Only the lines from the one with "Modern 2Br 420" to the end of the data, both ends included, should be output, exactly as they stand and without pictures.

::: Dataset records :::

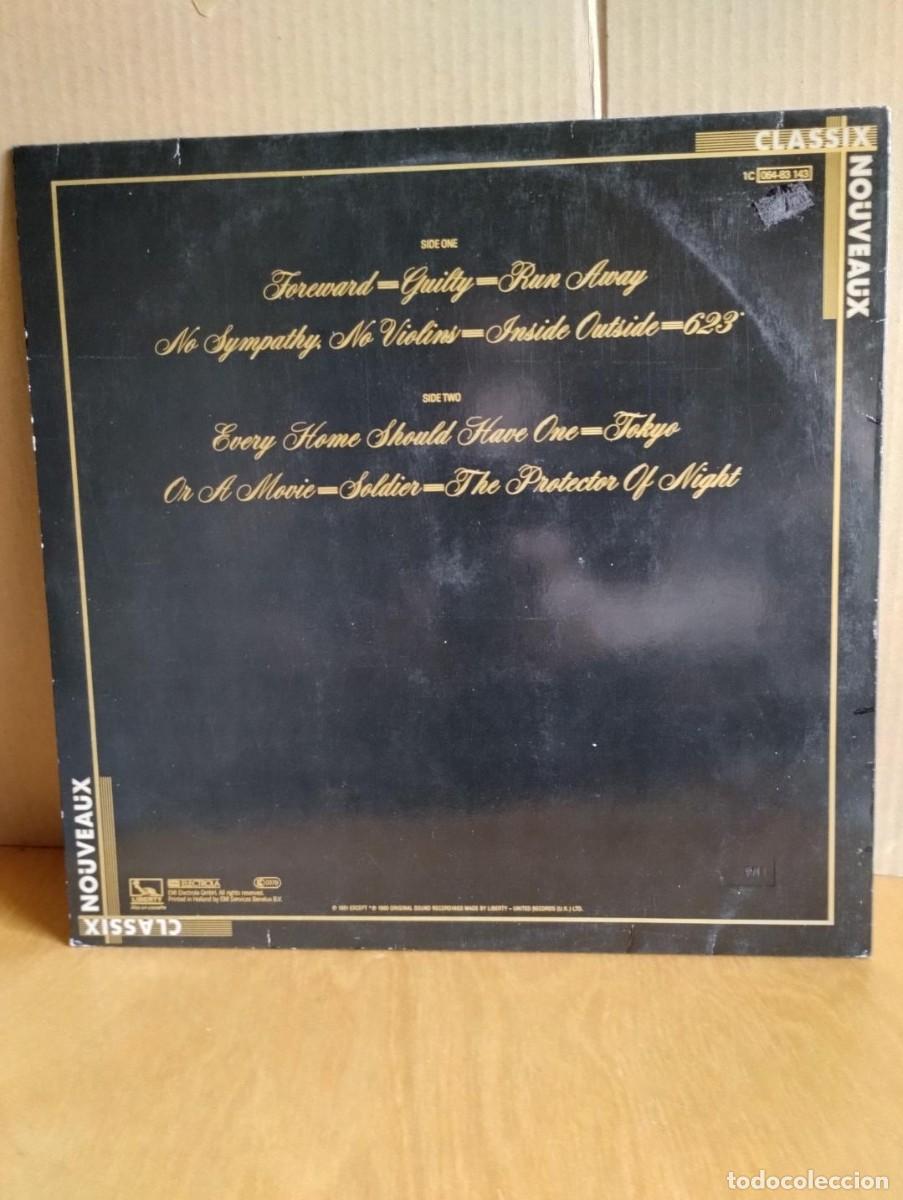 Discos de vinilo: CLASSIX NOUVEAUX ---- NIGHT PEOPLE - Foto 2
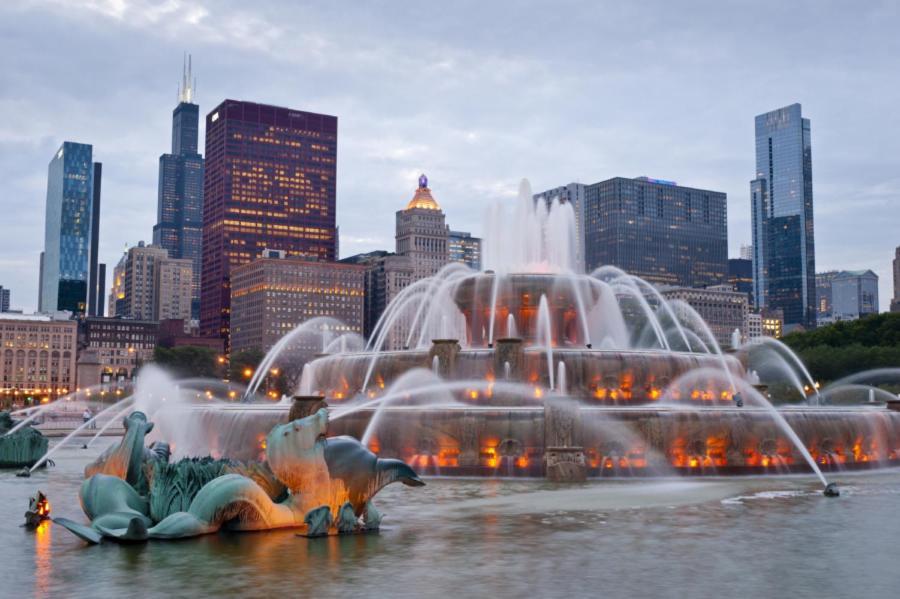 Modern 2Br 420 Friendly In Chicago South Loop Near Museum Campus, Mccormick Place And Soldier Field Esterno foto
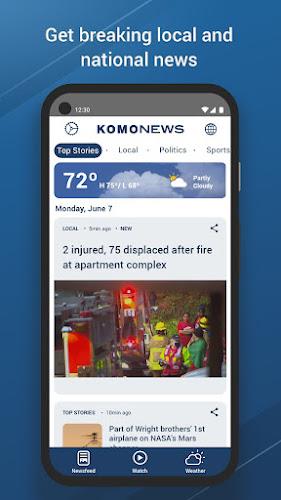 KOMO News Mobile Tangkapan skrin 0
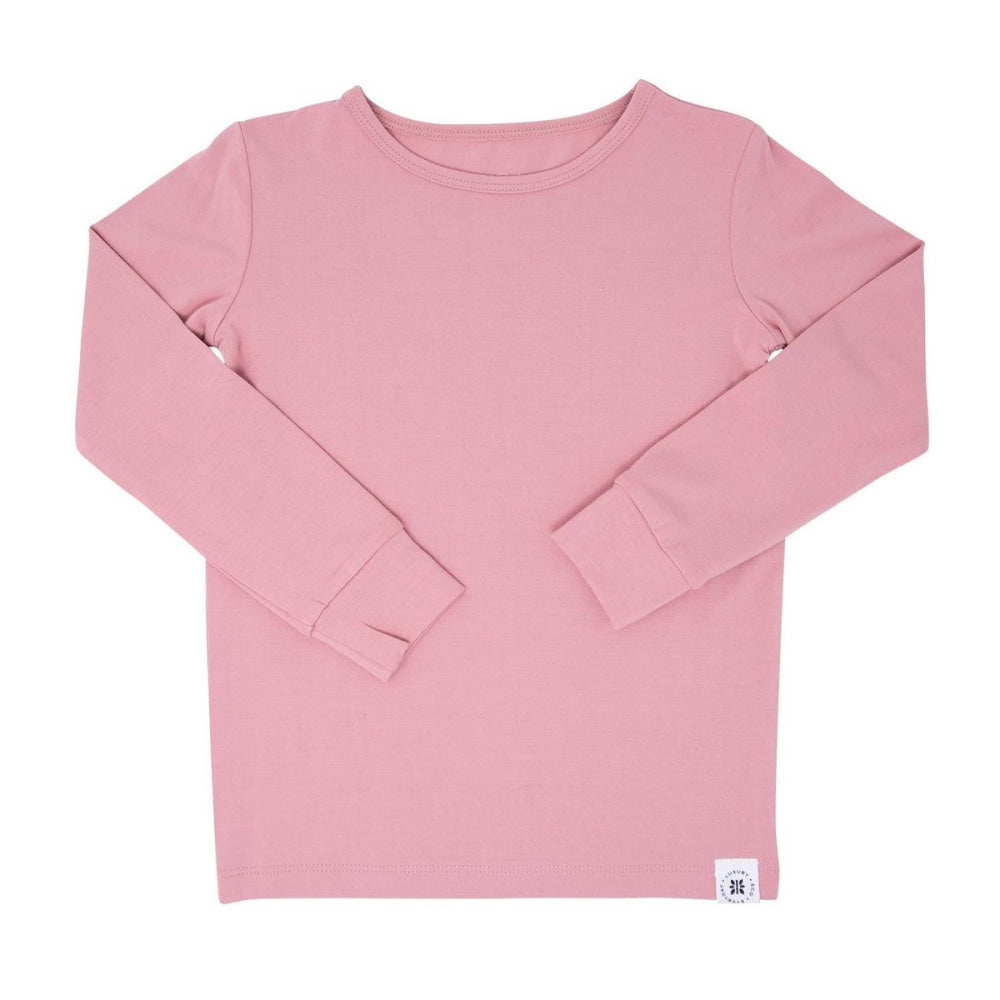 Big Kid Pajama - Pale Mauve - Pajamas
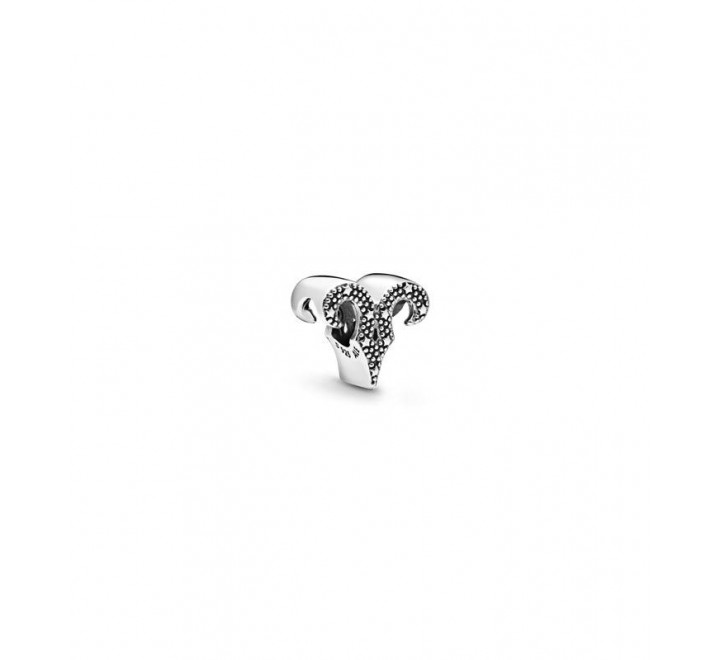 CHARMS PANDORA PLATA ZODIACO ARIES CIRCONITAS 798416C01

:::

## [Answer section]
 Modern 2Br 420 Friendly In Chicago South Loop Near Museum Campus, Mccormick Place And Soldier Field Esterno foto
 KOMO News Mobile Tangkapan skrin 0
 Big Kid Pajama - Pale Mauve - Pajamas
 CHARMS PANDORA PLATA ZODIACO ARIES CIRCONITAS 798416C01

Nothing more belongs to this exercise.